■ What you should do: A picture should never appear in your copy. Transcribe the listing exactly from its first line through the line with "To recap: cleanse", both ends included.

■ Stored data:
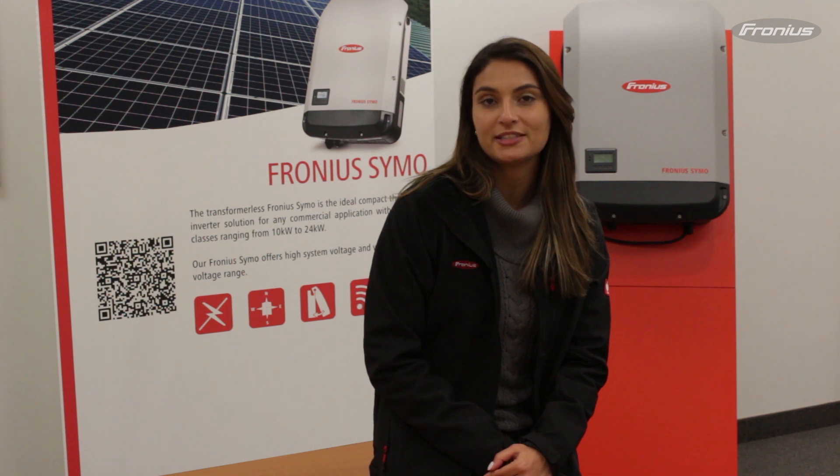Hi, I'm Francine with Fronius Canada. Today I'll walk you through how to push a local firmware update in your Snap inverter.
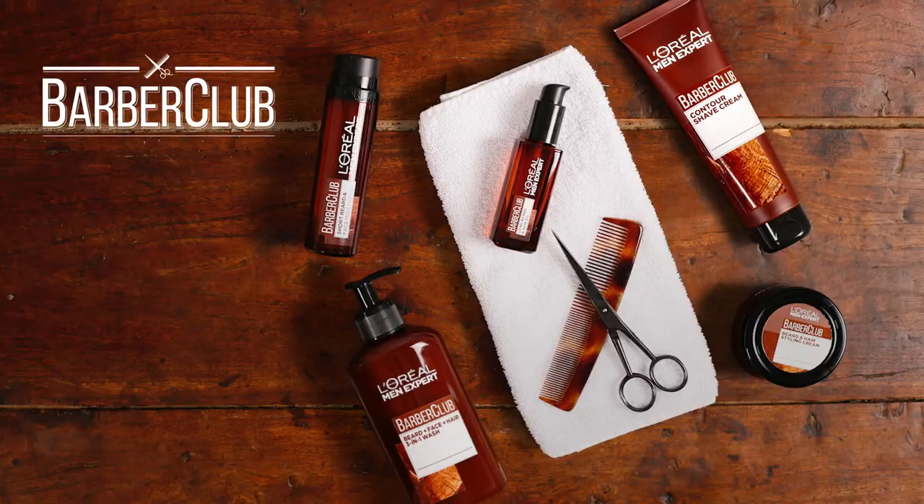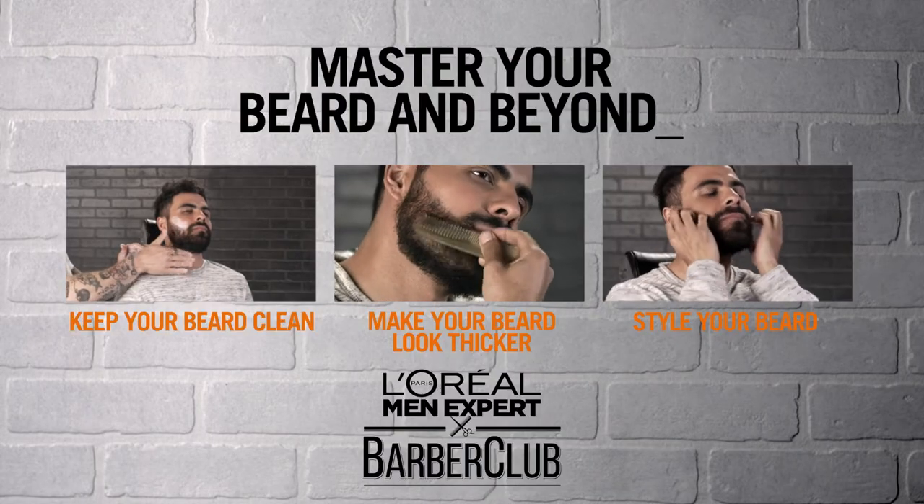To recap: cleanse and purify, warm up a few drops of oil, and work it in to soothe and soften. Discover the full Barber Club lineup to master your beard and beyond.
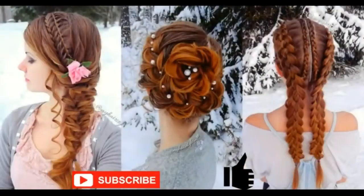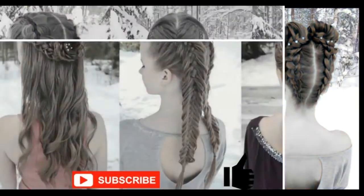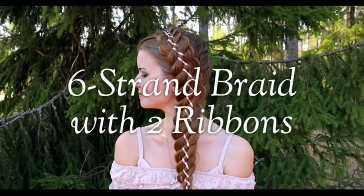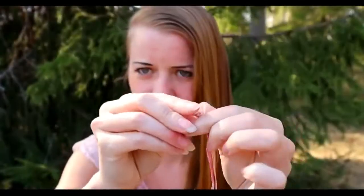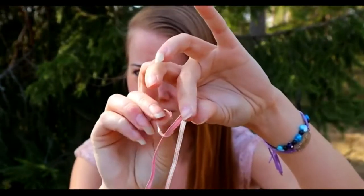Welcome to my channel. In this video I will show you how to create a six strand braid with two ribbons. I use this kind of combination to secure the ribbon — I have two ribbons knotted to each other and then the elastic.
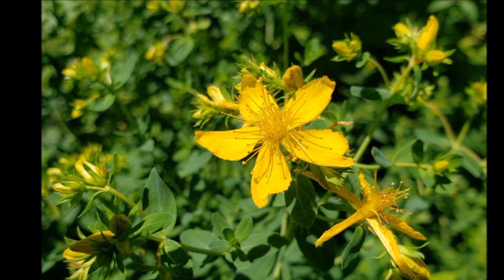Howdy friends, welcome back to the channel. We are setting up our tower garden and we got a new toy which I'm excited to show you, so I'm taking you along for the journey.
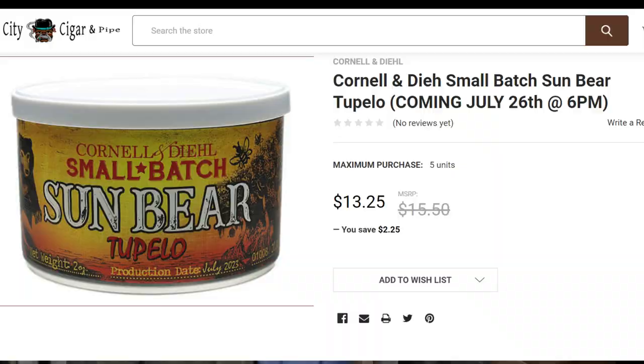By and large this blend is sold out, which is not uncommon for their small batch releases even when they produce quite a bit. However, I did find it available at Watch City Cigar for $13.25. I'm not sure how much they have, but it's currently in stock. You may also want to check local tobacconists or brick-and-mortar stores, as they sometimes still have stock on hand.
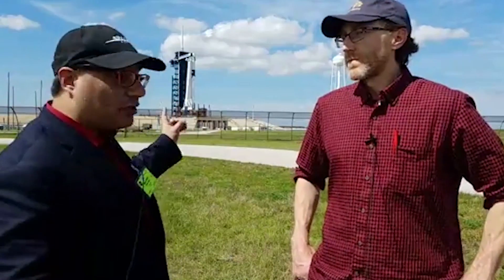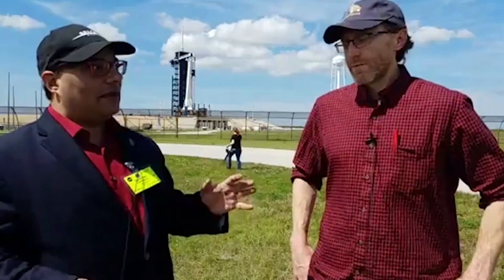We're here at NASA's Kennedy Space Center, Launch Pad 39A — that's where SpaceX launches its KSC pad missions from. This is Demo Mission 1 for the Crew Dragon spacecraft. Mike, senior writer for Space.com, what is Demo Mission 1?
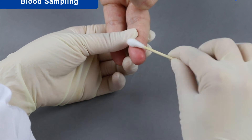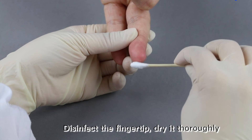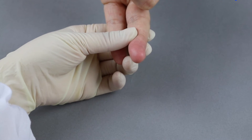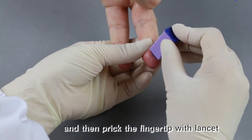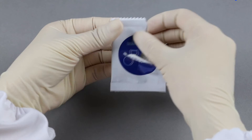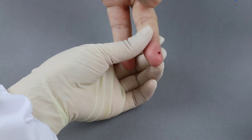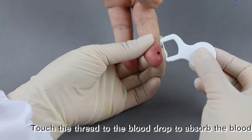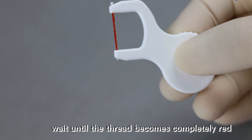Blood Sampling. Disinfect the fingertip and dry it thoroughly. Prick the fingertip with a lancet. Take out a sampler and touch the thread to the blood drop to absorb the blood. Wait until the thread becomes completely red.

■ Task response:
Hi, I'm Francine with Fronius Canada. Today I'll walk you through how to push a local firmware update in your Snap inverter.
To recap: cleanse and purify, warm up a few drops of oil, and work it in to soothe and soften. Discover the full Barber Club lineup to master your beard and beyond.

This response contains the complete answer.